I'm trying to understand/reproduce findings using stan
. However, I'm stuck somewhere. Am I using the wrong stan model?
#set up data
n <- 100
dat <- data.frame(DV=factor(sample(letters[1:5], n, replace=T)),
x1 = rnorm(n, mean=4.5, sd=1.3),
x2 = sample(c(1:5), prob=c(0.035, 0.167, 0.083, 0.415, 0.298)),
x3 = sample(c(0,1), prob=c(.51, .49)),
x4 = round(rnorm(n, mean=48, sd=15),0))
f <- as.formula("DV ~ x1 + x2 + x3 + x4")

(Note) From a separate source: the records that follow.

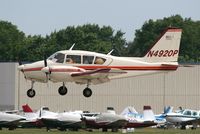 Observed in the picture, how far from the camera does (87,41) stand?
171500 millimetres

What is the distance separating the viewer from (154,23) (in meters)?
192

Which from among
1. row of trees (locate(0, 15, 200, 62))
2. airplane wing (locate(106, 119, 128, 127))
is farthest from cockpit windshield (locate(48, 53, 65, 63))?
row of trees (locate(0, 15, 200, 62))

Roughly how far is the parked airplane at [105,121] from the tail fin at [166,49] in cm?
3275

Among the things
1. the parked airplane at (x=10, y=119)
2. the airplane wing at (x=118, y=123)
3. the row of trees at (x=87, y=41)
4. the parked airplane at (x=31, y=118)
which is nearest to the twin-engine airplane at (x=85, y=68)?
the airplane wing at (x=118, y=123)

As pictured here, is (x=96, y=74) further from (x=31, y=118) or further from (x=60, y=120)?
(x=31, y=118)

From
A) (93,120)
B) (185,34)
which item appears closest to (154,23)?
(185,34)

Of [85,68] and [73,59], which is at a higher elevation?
[73,59]

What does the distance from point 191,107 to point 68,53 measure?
5723 centimetres

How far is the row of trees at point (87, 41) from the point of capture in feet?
549

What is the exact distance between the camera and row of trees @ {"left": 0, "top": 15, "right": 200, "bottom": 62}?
167375 millimetres

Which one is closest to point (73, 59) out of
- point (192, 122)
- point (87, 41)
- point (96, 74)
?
point (96, 74)

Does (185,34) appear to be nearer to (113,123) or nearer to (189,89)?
(189,89)

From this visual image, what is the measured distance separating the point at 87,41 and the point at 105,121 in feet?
236

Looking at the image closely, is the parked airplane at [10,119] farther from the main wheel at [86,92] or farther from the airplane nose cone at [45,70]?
the airplane nose cone at [45,70] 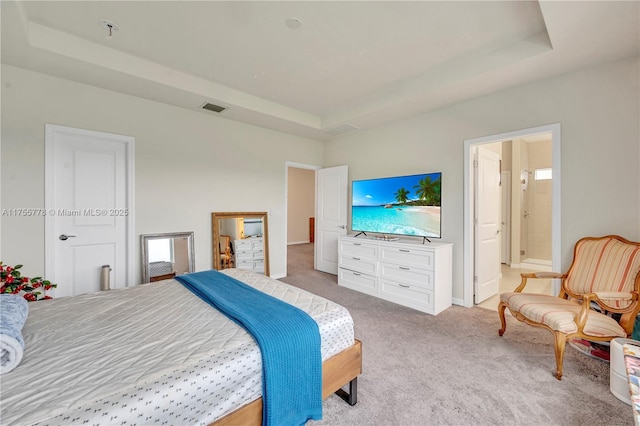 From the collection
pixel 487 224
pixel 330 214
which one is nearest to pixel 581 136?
pixel 487 224

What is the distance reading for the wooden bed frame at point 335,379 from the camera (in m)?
1.21

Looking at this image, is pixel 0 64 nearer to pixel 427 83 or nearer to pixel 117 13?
pixel 117 13

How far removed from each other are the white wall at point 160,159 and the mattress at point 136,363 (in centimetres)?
164

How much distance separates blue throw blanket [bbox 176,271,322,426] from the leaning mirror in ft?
7.33

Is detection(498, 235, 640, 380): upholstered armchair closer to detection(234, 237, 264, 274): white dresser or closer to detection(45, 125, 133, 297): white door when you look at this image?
detection(234, 237, 264, 274): white dresser

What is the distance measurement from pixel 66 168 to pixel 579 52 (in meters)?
5.08

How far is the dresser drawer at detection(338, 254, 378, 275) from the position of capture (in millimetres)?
3781

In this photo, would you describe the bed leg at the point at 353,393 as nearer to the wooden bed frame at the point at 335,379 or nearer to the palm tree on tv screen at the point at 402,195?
the wooden bed frame at the point at 335,379

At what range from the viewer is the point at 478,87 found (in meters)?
2.96

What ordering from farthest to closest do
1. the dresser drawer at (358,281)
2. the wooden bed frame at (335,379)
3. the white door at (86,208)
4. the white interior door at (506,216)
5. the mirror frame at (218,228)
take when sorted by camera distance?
the white interior door at (506,216), the mirror frame at (218,228), the dresser drawer at (358,281), the white door at (86,208), the wooden bed frame at (335,379)

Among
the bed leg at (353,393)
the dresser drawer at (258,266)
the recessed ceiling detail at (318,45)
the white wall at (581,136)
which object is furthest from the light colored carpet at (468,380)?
the recessed ceiling detail at (318,45)

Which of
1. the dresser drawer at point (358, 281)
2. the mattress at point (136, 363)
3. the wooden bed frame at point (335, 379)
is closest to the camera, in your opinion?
the mattress at point (136, 363)

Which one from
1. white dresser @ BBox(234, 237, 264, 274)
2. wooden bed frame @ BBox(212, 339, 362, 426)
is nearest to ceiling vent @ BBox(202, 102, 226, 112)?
white dresser @ BBox(234, 237, 264, 274)

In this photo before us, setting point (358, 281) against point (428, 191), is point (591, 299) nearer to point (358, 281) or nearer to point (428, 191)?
point (428, 191) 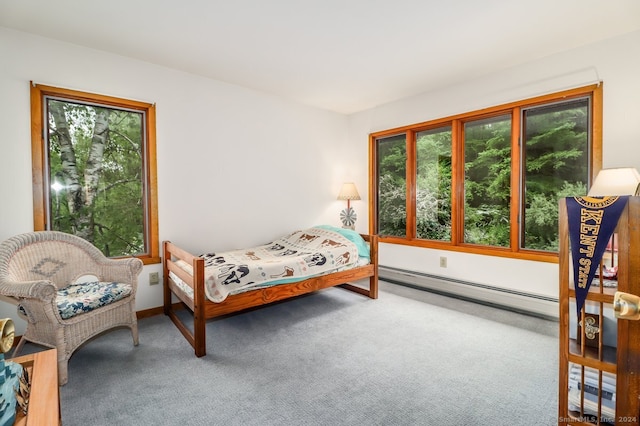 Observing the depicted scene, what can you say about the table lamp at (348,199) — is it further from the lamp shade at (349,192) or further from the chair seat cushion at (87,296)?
the chair seat cushion at (87,296)

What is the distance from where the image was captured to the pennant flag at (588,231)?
1.07 metres

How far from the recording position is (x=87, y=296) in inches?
80.8

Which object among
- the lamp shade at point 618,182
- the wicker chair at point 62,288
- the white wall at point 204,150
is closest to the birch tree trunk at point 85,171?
the white wall at point 204,150

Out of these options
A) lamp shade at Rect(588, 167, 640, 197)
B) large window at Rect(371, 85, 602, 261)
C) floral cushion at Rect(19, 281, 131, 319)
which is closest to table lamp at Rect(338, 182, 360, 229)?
large window at Rect(371, 85, 602, 261)

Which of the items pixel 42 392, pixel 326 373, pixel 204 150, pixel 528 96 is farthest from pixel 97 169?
pixel 528 96

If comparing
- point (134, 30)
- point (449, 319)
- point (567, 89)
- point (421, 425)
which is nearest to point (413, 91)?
point (567, 89)

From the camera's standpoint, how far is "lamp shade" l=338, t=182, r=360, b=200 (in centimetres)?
417

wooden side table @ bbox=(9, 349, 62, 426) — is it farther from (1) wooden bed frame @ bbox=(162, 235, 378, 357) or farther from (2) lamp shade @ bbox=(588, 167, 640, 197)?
(2) lamp shade @ bbox=(588, 167, 640, 197)

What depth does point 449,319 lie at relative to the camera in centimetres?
277

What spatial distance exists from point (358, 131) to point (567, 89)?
2.42m

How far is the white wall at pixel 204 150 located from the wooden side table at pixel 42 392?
155 cm

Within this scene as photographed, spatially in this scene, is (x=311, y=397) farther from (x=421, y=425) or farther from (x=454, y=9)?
(x=454, y=9)

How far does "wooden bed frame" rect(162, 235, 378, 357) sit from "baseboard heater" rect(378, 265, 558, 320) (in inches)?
27.6

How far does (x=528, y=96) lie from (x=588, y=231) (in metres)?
2.33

out <- multinom(f, data=dat)
#Store output to compare later on:
out.multinom <- tidyr::gather(as.data.frame(coef(out)), values) %>%
mutate(option=rep(row.names(coef(out)), 5)) %>%
mutate(coef= paste0(option, ":", values))%>%
dplyr::select(-option, -values)%>%
rename(multinom = value)
So far so good. Now comparing estimates to the ones from stan
The model is copy & pasted from here:
stan_model <- "
data {
int K;
int N;
int D;
int y[N];
matrix[N, D] x;
parameters {
matrix[D, K] beta;
model {
matrix[N, K] x_beta = x * beta;
to_vector(beta) ~ normal(0, 2);
for (n in 1:N)
y[n] ~ categorical_logit(x_beta[n]);
rstan_options(auto_write = TRUE)
options(mc.cores = 4)
M <- model.matrix(f, dat)
#data for stan
datlist <- list(N=nrow(M), #nr of obs
K=length(unique(dat[,1])), #possible outcomes
D=ncol(M), #dimension of predictor matrix
x=M, #predictor matrix
#estimate model
b.out <- stan(model_code=stan_model,
iter = 1000,
chains = 4,
seed = 12591,
control = list(max_treedepth = 11))
res <- summary(b.out, par="beta", probs=.5)$summary %>% as.data.frame
out.stan <- data.frame(beta=rep(colnames(M), each=5),
value.stan = res[,1]) %>%
mutate(option=rep(levels(dat$DV), length.out=25))%>%
mutate(coef= paste0(option, ":", beta))%>%
dplyr::select(-option, -beta)
merge(out.multinom, out.stan, by="coef", all.y=T)
coef multinom value.stan
1 a:(Intercept) NA -0.532803345
2 a:x1 NA 0.017020378
3 a:x2 NA 0.227622393
4 a:x3 NA -0.001617129
5 a:x4 NA 0.011291841
6 b:(Intercept) -0.308050243 -0.794106266
7 b:x1 0.314860536 0.353267471
8 b:x2 -0.305248243 -0.094612371
9 b:x3 -0.181849471 -0.203225779
10 b:x4 -0.002589588 0.007308861
11 c:(Intercept) 1.241939293 0.391090113
12 c:x1 -0.265908390 -0.230931524
13 c:x2 -0.121426457 0.113370970
14 c:x3 -0.486321891 -0.496869965
15 c:x4 0.004659122 0.019329331
16 d:(Intercept) 1.655236959 0.767339620
17 d:x1 -0.332715090 -0.291936815
18 d:x2 -0.159596712 0.072145756
19 d:x3 0.132897149 0.145568093
20 d:x4 0.002003899 0.017336138
21 e:(Intercept) 0.970658209 0.253888841
22 e:x1 -0.057914885 -0.017299638
23 e:x2 -0.501888386 -0.306445142
24 e:x3 0.515320410 0.517075558
25 e:x4 0.009115124 0.023669295
Something is not as it should be as the estimands differ. I'm almost certain that I missed something by simply copy & paste the stan
code. What is it? (I'm not talking about the fact that multinom
uses a
as the reference category).
The issue should not lie with the size of the dataset as I'm using more data (this example is prepared for stackoverflow).
Thanks for any help.
Judging from the output, it looks like the multinom
function being called uses K-1
coefficients in order to make the model identifiable. That takes the a
coefficients to be zero implicitly. If you subtract the a
coefficients from the other coefficients, b
through e
, you get roughly the same result. The results won't be exactly the same because Stan's giving you posterior means here and multinom
is probably giving you something else. There's a discussion of using K
versus K-1
coding for multinomials in the Stan User's Guide just in the same section you linked under the heading "identifiability".